Signs and Symptoms of a Sucking Problem
• The mother has sore nipples that result from the hard palate rubbing on the nipple because the nipple is distorted after feeding.
• The mother has engorged breasts for longer than one week after birth; this means that her baby is not removing enough milk from the breasts.
• The baby cries excessively because they are hungry.
• Baby has a low output of urine and stools.
• The baby is gaining weight too slowly or not gaining weight at all.
• The baby may sleep on the breast but cry if taken away from the breast.
• Make sure that the baby is latched on correctly. Latching techniques are discussed below.
• Use breast compression to increase milk transfer. Also discussed below.
• Using an SNS (supplementary nursing system) can help the mother continue breastfeeding while giving her baby supplements of pumped/donated breast milk or formula.
• Extra stimulation may help. For example, pat the baby on the outer edges of their lips before feeding, and make the nipple firm and cold (with a cold compress) just before nursing.
• Nipple shields can sometimes help a baby latch on, especially if the baby has low muscle tone.
How can you Prevent a Sucking Problem?
Not all sucking problems can be prevented, but some can:
• The mother should avoid elective Cesareans. Prematurity can cause poor sucking reflexes and neurological issues.
• The mother should avoid giving her baby artificial nipples and pacifiers that can cause bad latching and sucking.
• The mother can ensure that her latching technique is efficient and that she and her baby are comfortable while breastfeeding.
- Ensure your baby is awake and alert before latching them on.
- Hold your baby close to your body and bring them to your breast rather than leaning over them.
- Gently tickle your baby's lower lip with your nipple to encourage them to open their mouth wide.
- Aim your nipple towards the roof of your baby's mouth and wait for them to latch on.
- As your baby begins to latch on, their mouth should cover both your nipple and most of your areola. You should not feel any pain. If you do, gently insert your finger into the corner of your baby's mouth to break the suction and try again.
- Once your baby is latched on, they should be able to easily move their jaw up and down while nursing.
It's important to remember that it may take some time and practice for you and your baby to get the hang of latching.

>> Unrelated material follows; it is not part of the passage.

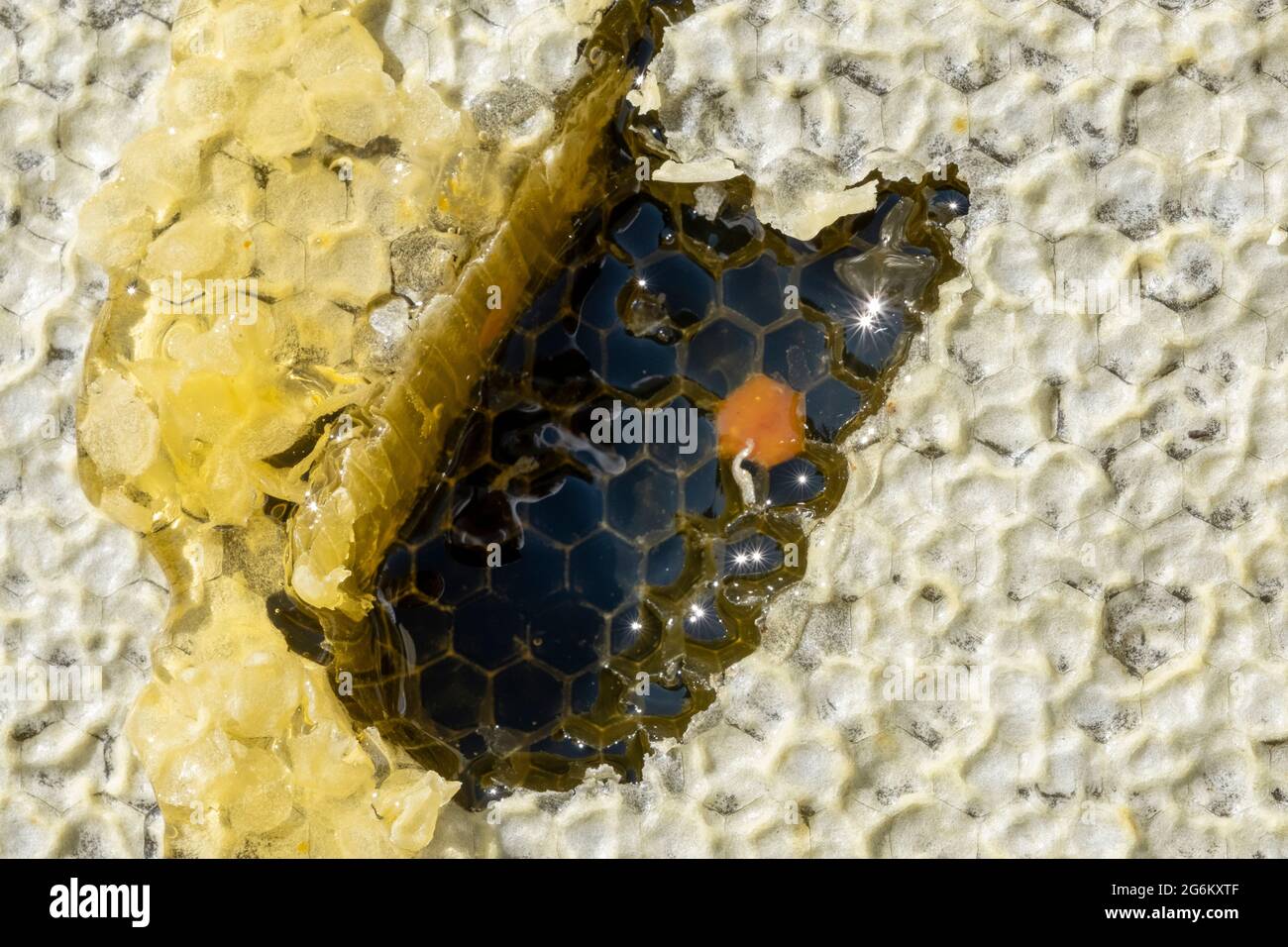 Un cadre de nid d'abeille dans un apiaire de Canterbury près des Alpes du Sud de l'île du Sud. Image de Bradley White Banque D'Images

Don't be discouraged if it takes a few tries – it's completely normal. If you're having a lot of difficulty, consider seeking help from a lactation consultant or your healthcare provider.

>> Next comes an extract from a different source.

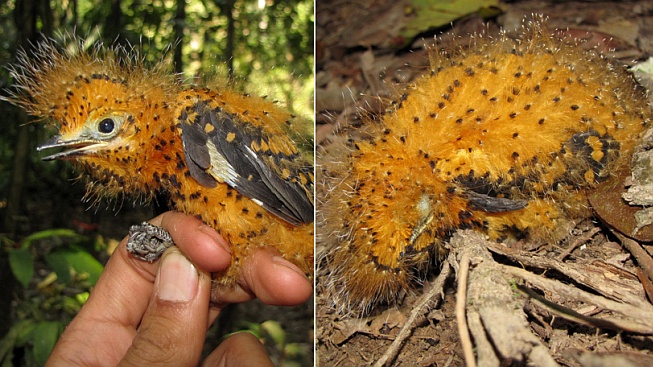 Seznamte se s kuřetem, které předstírá, že je housenka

Breast compression is a technique that can be used during breastfeeding to help increase milk transfer. When you apply gentle pressure to the breast during breastfeeding, it can help to move more milk out of the breast and into the baby's mouth. This can be especially helpful if your baby is having trouble emptying the breast or if they are getting tired while nursing.
Breast Compression While Breastfeeding
- You can use your thumb and index finger to gently squeeze the breast, starting from the top of the areola and working your way down towards the nipple. This can help to move more milk into the baby's mouth and stimulate the let-down reflex.
- Some breast pumps have a breast compression feature that allows you to apply gentle pressure to the breast while pumping. This can help to increase milk flow and make it easier to express milk.
- Massaging your breast while nursing or pumping can also help increase milk flow. You can use circular motions with your hands or a warm compress to massage the breast.
It's important to be gentle when applying breast compression and to avoid causing any pain or discomfort. If you are having trouble with milk transfer or if you are experiencing pain while breastfeeding, it may be helpful to seek the guidance of a lactation consultant or your healthcare provider.